A cena reativou minha compaixão e a raiva ao mesmo tempo. Laurinha, quatro anos recém-feitos, é a minha sobrinha faladeira-falarosa-falafusa. Foi brincar num parquinho e lá estava outra menininha, mais grandinha que ela. Laurinha já se aproximou no galope, "oi, quer brincar?" e aí veio! Aquele silêncio, olhar de criança um tico de nada mais velha que olha para a menor com aquele desprezo tirado sei lá de onde. Voltei no tempo. Da escola, da adolescência, de um dia desses, bem dizer.
Laurinha insistiu no "ei, menina. Vamo brincar!", dando tchauzinho com a mão. E mais uma vez a menina-maior ignorou. Naquele momento, minha irracionalidade só pensava em ensaiar um discreto cocorote na cabeça da criatura e soltar um "eeeei, mermão, tá ouvindo ela te chamar pra brincar não?", mas antes de qualquer coisa Laurinha olhou pra mim e "ela não ouviu, tia Ligia".
Como não ouviu? A horrorozinha tava mermo ali do lado. Ela não quis responder, que sem noção... e lá ia eu viajando em mil ódios acumulados quando Laura me interrompe pedindo para que eu a ajudasse a subir no balanço. Gargalhando, as chinelinhas de plástico colorido enfeitando o ar. "Mais rápido, mais rápido", e tome riso e "mais rápido" e em dois segundos a negativa da guria maior sumia do horizonte. Evaporou-se.
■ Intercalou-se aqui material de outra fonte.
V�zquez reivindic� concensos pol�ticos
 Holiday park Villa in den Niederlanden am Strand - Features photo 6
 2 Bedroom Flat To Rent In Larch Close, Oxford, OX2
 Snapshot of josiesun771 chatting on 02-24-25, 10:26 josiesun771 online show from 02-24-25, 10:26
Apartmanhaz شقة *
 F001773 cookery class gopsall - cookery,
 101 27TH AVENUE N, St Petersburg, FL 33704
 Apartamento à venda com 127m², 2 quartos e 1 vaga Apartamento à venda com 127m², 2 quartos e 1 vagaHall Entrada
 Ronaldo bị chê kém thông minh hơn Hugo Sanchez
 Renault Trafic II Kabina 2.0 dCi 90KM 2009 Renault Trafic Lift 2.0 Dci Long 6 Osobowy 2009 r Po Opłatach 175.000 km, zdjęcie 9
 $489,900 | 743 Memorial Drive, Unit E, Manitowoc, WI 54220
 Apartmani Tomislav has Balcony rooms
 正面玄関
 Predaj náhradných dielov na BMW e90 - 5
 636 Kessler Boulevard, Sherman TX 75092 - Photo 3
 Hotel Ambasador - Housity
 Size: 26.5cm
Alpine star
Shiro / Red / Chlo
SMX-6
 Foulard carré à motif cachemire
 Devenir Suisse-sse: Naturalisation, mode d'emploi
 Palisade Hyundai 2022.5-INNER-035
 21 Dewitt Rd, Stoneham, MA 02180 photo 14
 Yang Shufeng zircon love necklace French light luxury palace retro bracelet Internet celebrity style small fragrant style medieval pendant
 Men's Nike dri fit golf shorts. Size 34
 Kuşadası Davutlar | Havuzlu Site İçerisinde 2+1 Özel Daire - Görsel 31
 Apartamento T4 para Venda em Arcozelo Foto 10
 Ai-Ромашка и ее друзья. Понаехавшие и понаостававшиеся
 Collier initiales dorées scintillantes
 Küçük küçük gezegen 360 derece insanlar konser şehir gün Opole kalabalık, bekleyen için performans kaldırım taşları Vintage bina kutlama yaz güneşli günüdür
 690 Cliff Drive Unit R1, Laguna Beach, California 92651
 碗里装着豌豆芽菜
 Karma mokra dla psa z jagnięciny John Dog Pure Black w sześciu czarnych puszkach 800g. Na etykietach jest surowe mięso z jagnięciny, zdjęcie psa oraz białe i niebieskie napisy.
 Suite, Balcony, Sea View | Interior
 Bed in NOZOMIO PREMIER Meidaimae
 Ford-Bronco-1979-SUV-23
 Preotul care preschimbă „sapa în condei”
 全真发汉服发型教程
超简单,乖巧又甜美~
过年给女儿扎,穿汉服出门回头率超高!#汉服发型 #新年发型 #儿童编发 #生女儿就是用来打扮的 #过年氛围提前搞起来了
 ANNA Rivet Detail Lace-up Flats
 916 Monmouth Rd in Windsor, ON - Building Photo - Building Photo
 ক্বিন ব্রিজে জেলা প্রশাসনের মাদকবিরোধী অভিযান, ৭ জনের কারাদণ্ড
Naquele dia entendi que precisava exercitar mais do olhar-de-Laura. De ter a valentia pra convidar o azedume pra dividir um brinquedo, uma conversa, um pensamento. Mas não sofrer com a negativa. Uma hora aparece no parquinho alguém do nosso tamanho. Que tem os mesmos mini-problemas que a gente. Problemas que podem ser piquiliquinhos (pequenininhos, na língua de Laura) e que justamente por isso vamos nos entender, por conseguir ver tudo da mesma altura. Sem disputa, só a besteira boa que é brincar junto.
Essa cena, numa tarde besta e gostosa de um café lá em Recife (ai, que saudade!) me recordou do quanto estamos no mundo de evitações. Tudo precisa ter um poder de síntese muito alto para que possamos manter o mínimo de contato: uma figurinha pra trocar no WhatsApp e nos damos por conversados. Concordar com tudo o que é dito, sob pena de não se enquadrar e ser chata. Só oferecer o lado que brilhe, pois a sombra nos pune. E, sabemos, as pessoas mais bem quistas são essas que não ofendem. Concordam, dizem amém e calam pra aguentar as buchas que pensam que precisam engolir pra ter companhia.
Fui essa pessoa, ainda sou mas já não suporto mais ser. Daqui do meu parque eu só quero fazer merminho que igual a Laura: brincar com quem me empurra mais rápido, mais alto, mais longe!